Model Serving¶
Compliance Info
Below we map the engineering practice to articles of the AI Act, which benefit from following the practice.
- Art. 15 (Accuracy, Robustness and Cybersecurity), in particular:
- Art. 15(4), model serving allows to run inference on models remotely, and to deploy models with redundancy to make them more resilient.
Motivation¶
Model serving is the process of deploying machine learning models to production environments, where they can be accessed and used by applications or users.
Not every AI system involves a real-time inference component, for example batch processing systems or offline analytics. However, for those that do, model serving is a critical part of the machine learning lifecycle.
Model serving needs to be designed to ensure that the deployed models are accurate, robust, and secure.
Implementation Notes¶
Containerization is a common practice for model serving, as it allows for the deployment of models in isolated environments, ensuring consistency and reproducibility. It also enables the use of different versions of models and dependencies without conflicts.

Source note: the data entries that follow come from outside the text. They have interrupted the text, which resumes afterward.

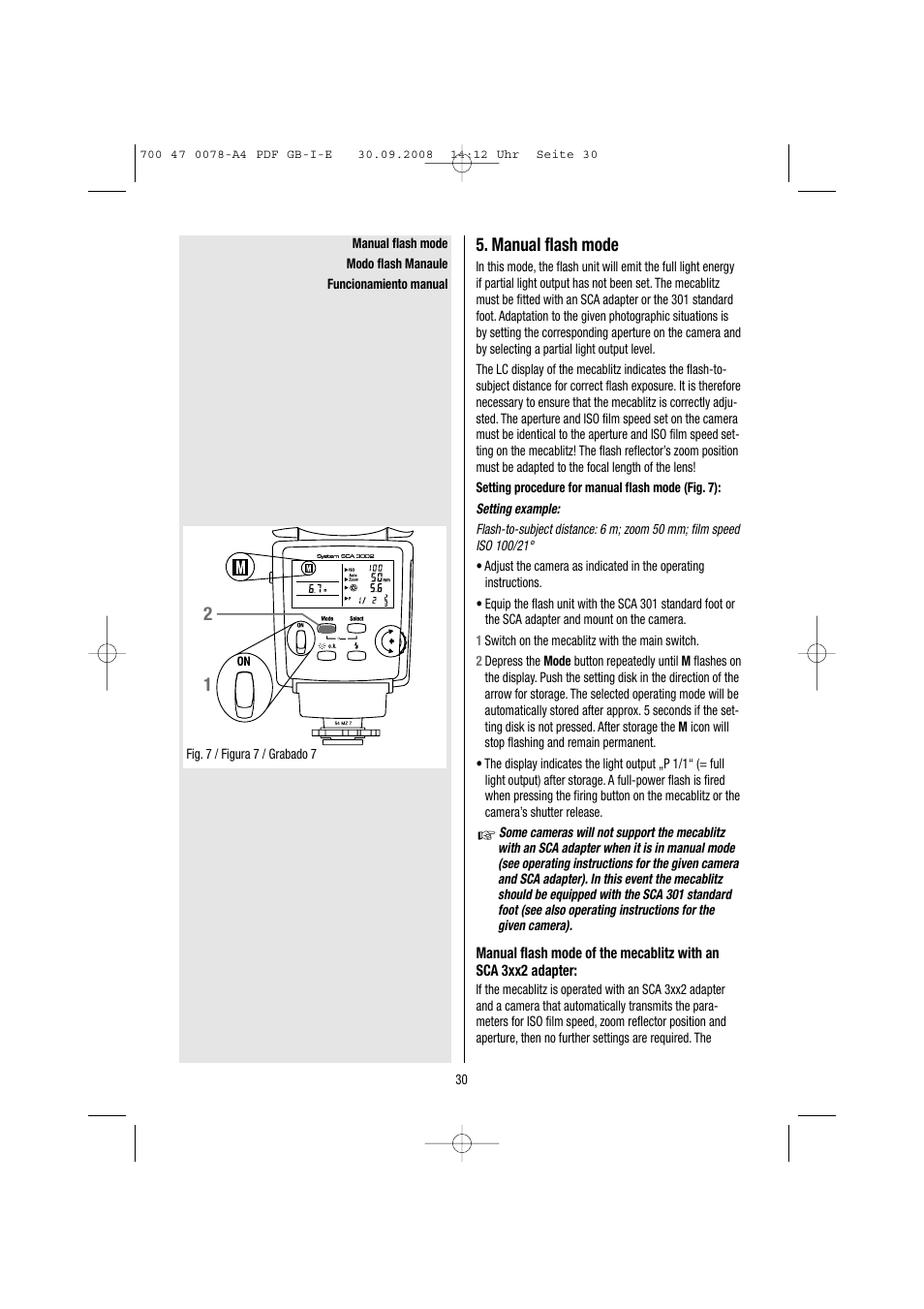 Manual flash mode | Metz Mecablitz 54 MZ-3 User Manual | Page 30 / 122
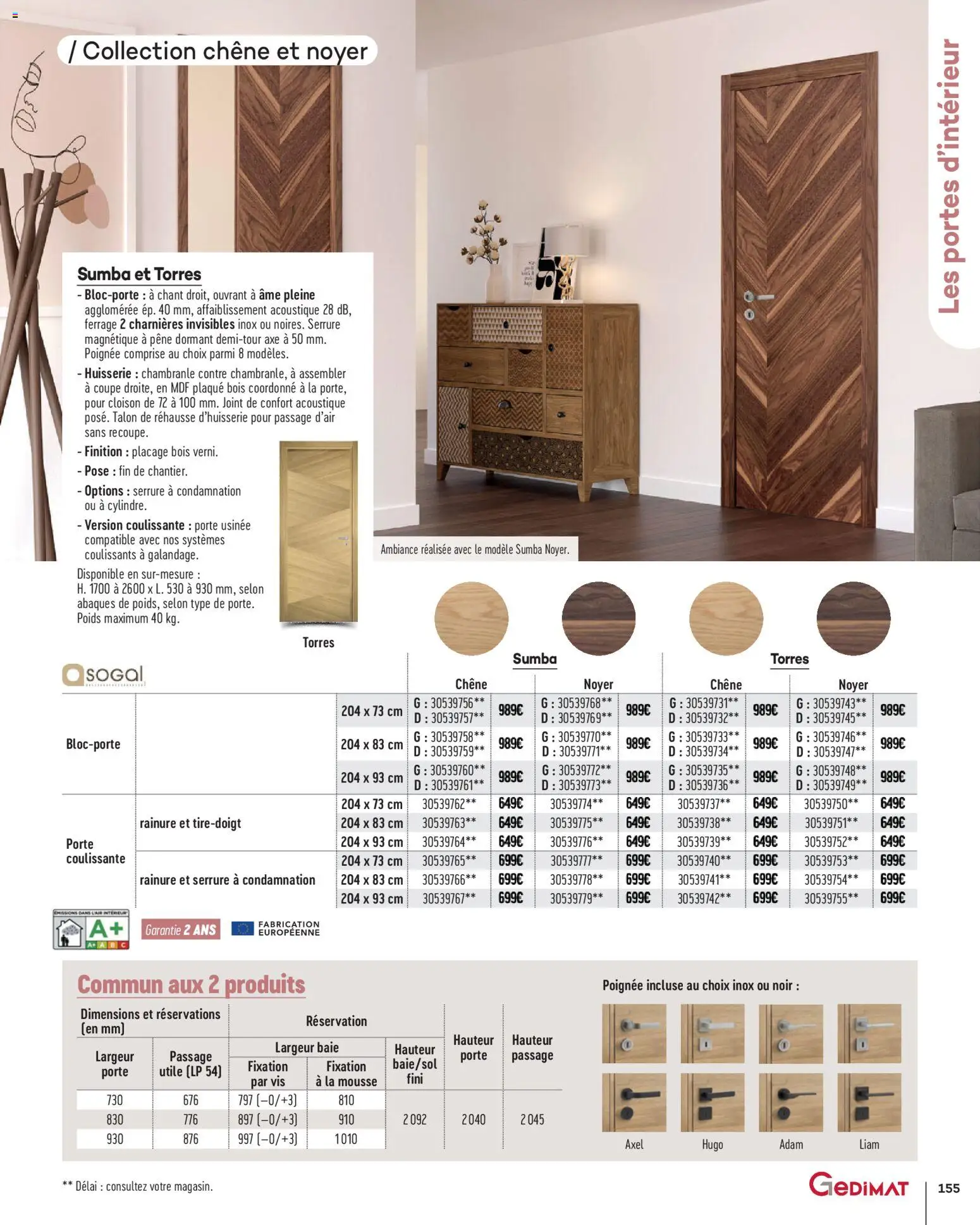 {H1} | Page: 155 | Produits: Poids, Mousse, Porte, Portes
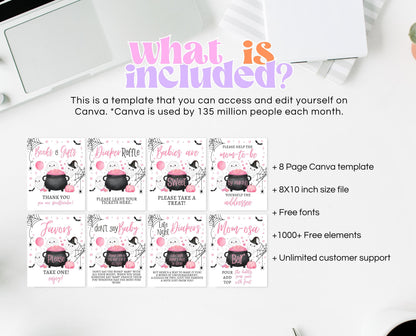 Editable A Little Boo Is Almost Due Halloween Baby Shower Sign Bundle, Halloween Baby Shower Sign Set, Printable Pink Halloween Sign, HBSC08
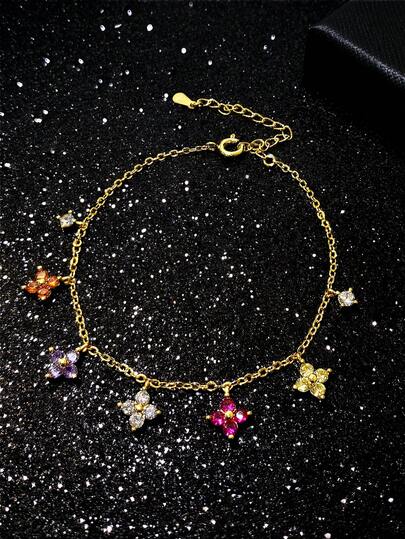 Stylever سوار قوس بألوان الحلوى الصيفية قطعة واحدة، مزين بزهرة وبرسيم مرصع بالزركونيا، خفيف الوزن فاخر، جودة عالية، موضة نخبوية، سلسلة الترقوة، متعدد الاستخدامات للارتداء اليومي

The models to be deployed should be obtained from a model registry, in order to preserve the traceability and reproducibility of the models. A model serving should be able to expose metadata about the model and its provenance, in order to associate this information with every prediction (see the page on inference logs).
Inference API Design¶
Real-time inference APIs provide the interface for applications to interact with the deployed models.
Designing the API for an interface is a trade-off between flexibility and usability.
While a bespoke API can be designed for a single model (which might be tied to a specific input data schema), a more generic API can be designed to support multiple models and input data schemas.
One such generic API is specified as the Open Inference Protocol, which is supported by several model serving frameworks. It provides API endpoints and type definitions for inference requests (with a flexible data schema), model metadata, and model management.